# Grand Claw Budapest Hotel[eastern Europe]



## The Hooded Claw (Oct 12, 2009)

Actually, any of our guides on the trip would slug me for using this thread title! Residents of Poland, Hungary, and the former Czechoslovakia all seem to be in agreement that they live in Central Europe. Eastern Europe is much less cultured and civilized! And they correctly point out that the Ural mountains are far to the east of Warsaw or Budapest. So they are in Central Europe!

This was a 16 day trip with stops in Warsaw, Kraków, Budapest, and Prague. The tour operator was road scholar, A rather geeky travel agency/nonprofit educational organization that I highly recommend. I left the day before income tax Day and flew home on Saturday.

Photos will be coming in a moment, after I get organized...


----------



## The Hooded Claw (Oct 12, 2009)

While still pooped from flying across the Atlantic, we were escorted out for dinner in Warsaw on arrival day. First thing I learned was that Poles like monsters on their buildings. They really like them! But they make multipurpose monsters. What seems like mere dragons suspended in mid air In these photos of different buildings are actually waterspouts.










Thankfully, we didn't eat at this restaurant. I do not want to dine where one of these is on the menu.



















I actually didn't take these next two shots till the following day, but they go with the monsters in the building theme. The lion doorknocker is a "do not disturb" sign if I ever saw one!

After no problem with jetlagged during the whole trip, I have been awake at 3:30 AM and unable to go back to sleep now. So I used the time to post These. More coming tomorrow! Or actually today!

Sent from my iPad using Tapatalk


----------



## The Hooded Claw (Oct 12, 2009)

No doubt it was an attempt to help us recover from the rude shock of all the monster sightings that led Road Scholar to arrange for a private music performance at our first dinner. This duo performed Polish nationalist songs, including one about a group of guys who died during the 1944 Warsaw uprising against the Germans. There was a LOT of music on this trip!

Sent from my iPad using Tapatalk


----------



## Annalog (Dec 28, 2008)

I love travelling vicariously through your trip reports! Thank you for posting!


----------



## Atunah (Nov 20, 2008)

I just love your photos. So clear and detailed. I feel like I am standing in that street with that angle. Looking forward to more.


----------



## Lou Harpr (Nov 5, 2014)

They have some fantastic architecture over there, don't they?

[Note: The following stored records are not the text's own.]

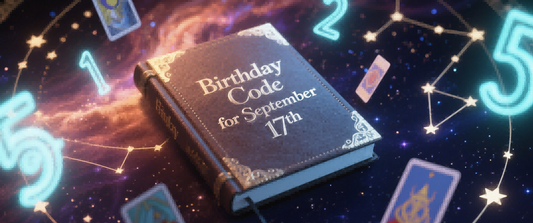 Birthday Code for September 17th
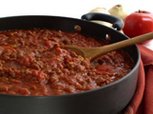 Homemade Chili Recipe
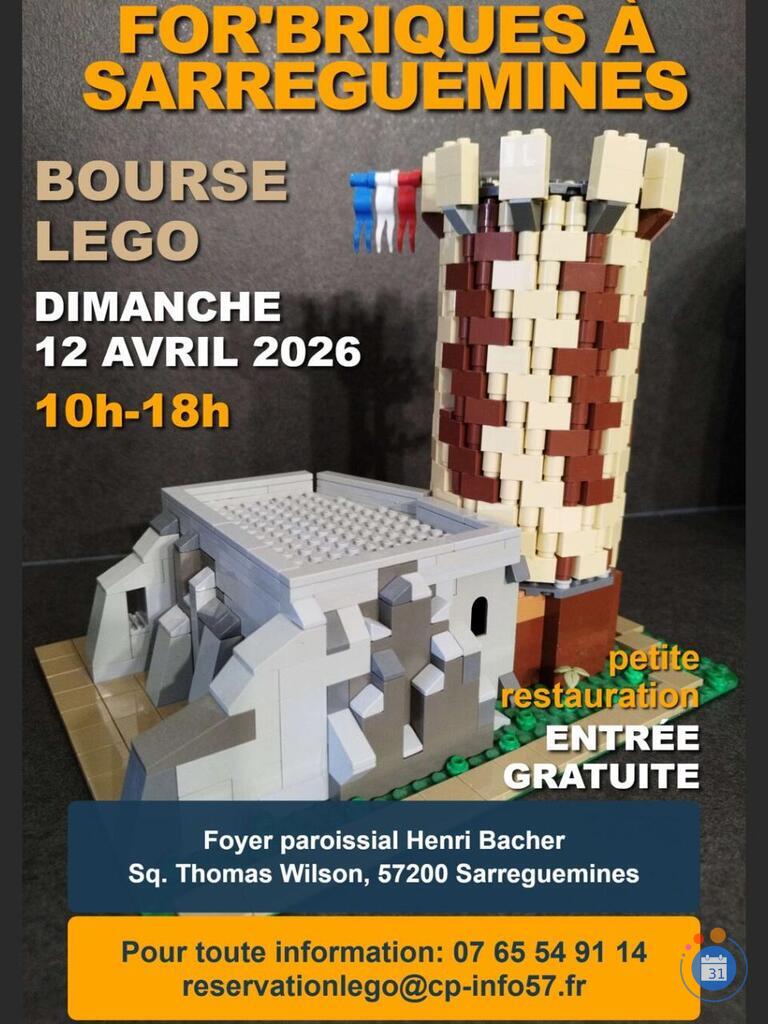 Image For'briques à sarreguemines (photo 1)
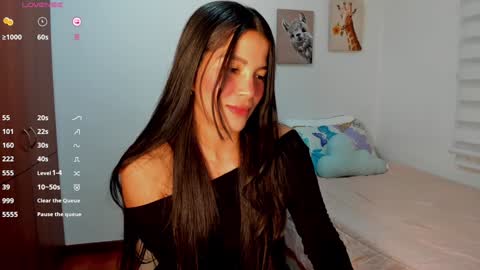 Aitana online show from 02-01-25, 01:23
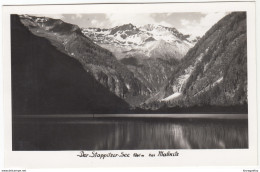 Stappitzer See Bei Mallnitz Old Postcard Unused B190401 - Mallnitz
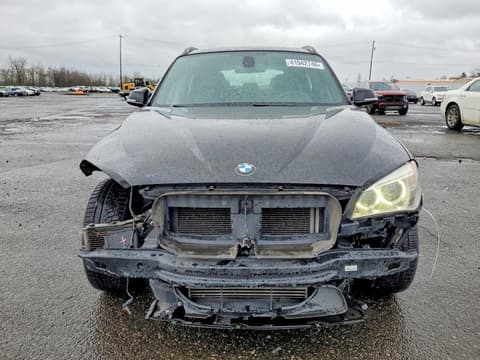 2014 Bmw X1, VIN WBAVL1C55EVR92959. Zdjęcie 5 z 6 z aukcji Copart. Katalog aut z USA OpenDataCar.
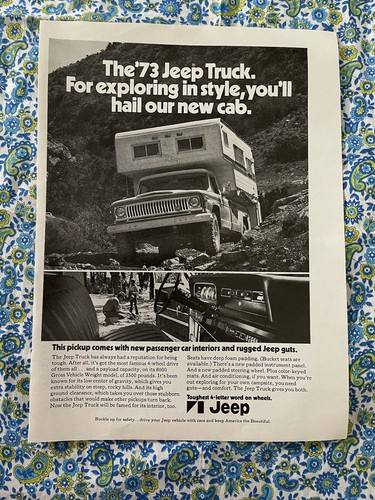 Vintage 1972 print - 1972,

I don't know about the Czechs and Poles, but I know Hungarians still cling to their brief time of glory during the Austro-Hungarian empire. I love Grand Hotel Budapest (the movie). Despite its zaniness it really managed the capture something quintessentially east European.


----------



## The Hooded Claw (Oct 12, 2009)

We visited the Shrine of the Black Madonna which is a important Polish national symbol. As we approached in the afternoon, we saw swarms of bikers leaving. Different groups will hold pilgrimages to the shrine and this was the day for bikers. We heard claims that 20 to 30,000 bikers were there. Believe it if you want to! There were a lot, though.

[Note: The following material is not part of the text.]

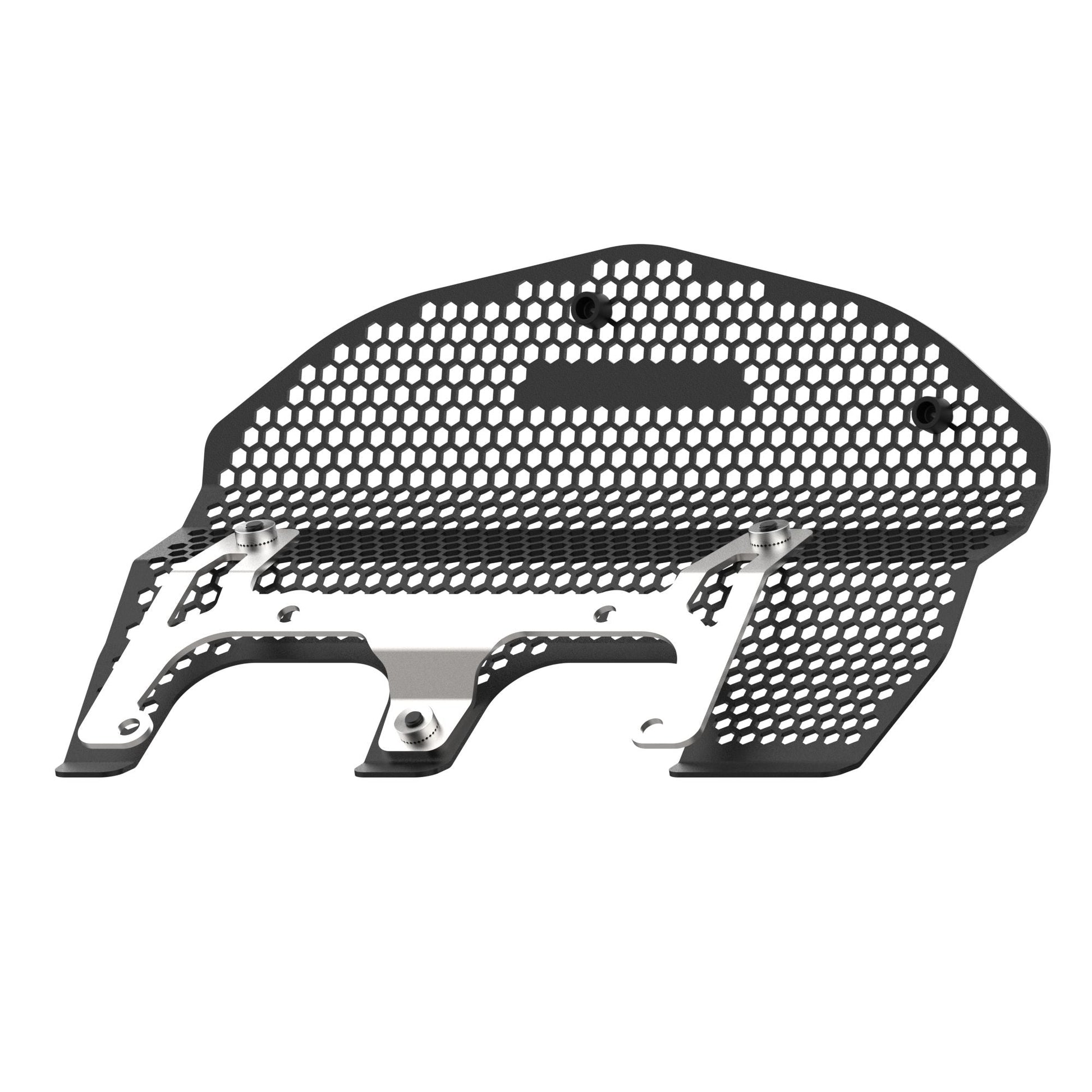 Evotech Ducati Multistrada V4 Pikes Peak Cylinder Head Guard / Grill (2022+)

Local guide was Brother Simon, who explained how they make holy water (Take water and boil the Hell out of it) and told us we must do what Simon says.










Here is one of the "lesser" chapels...



















And here is the biggie with the Black Madonna herself.

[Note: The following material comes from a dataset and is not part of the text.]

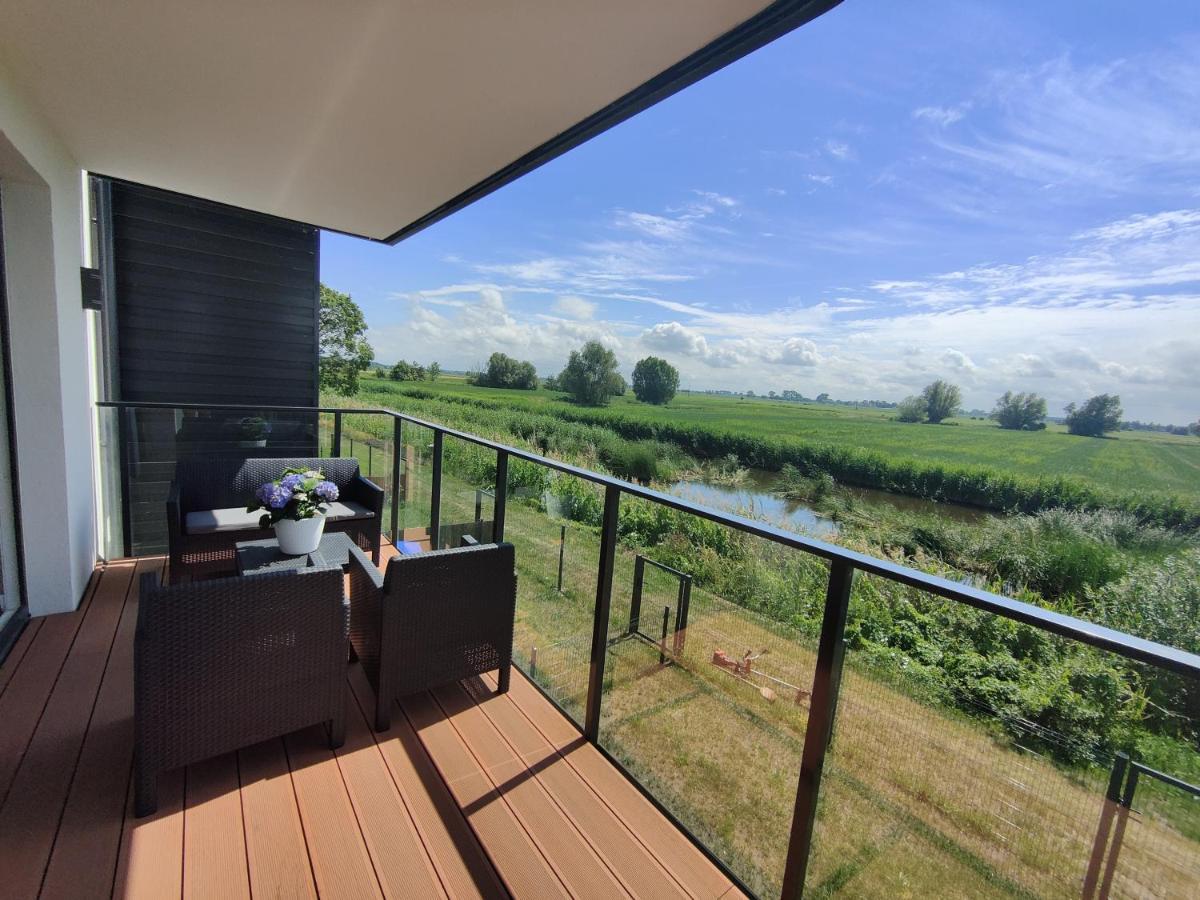 M&K Apartament Ptasie Opowiesci, Gdansk - Wyspa Sobieszewska Экстерьер фото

Other than the face, much of the Black Madonna is covered by a separate painting with a splendid costume. They change the cover a couple of times a year.

Sent from my iPad using Tapatalk


----------



## The Hooded Claw (Oct 12, 2009)

I let Tapatalk do the resizing of photos for the Black Madonna post,  and they are not nearly as sharp as the earlier photos. I won't be doing that again!

atunah and Annalog, thanks for the nice comments!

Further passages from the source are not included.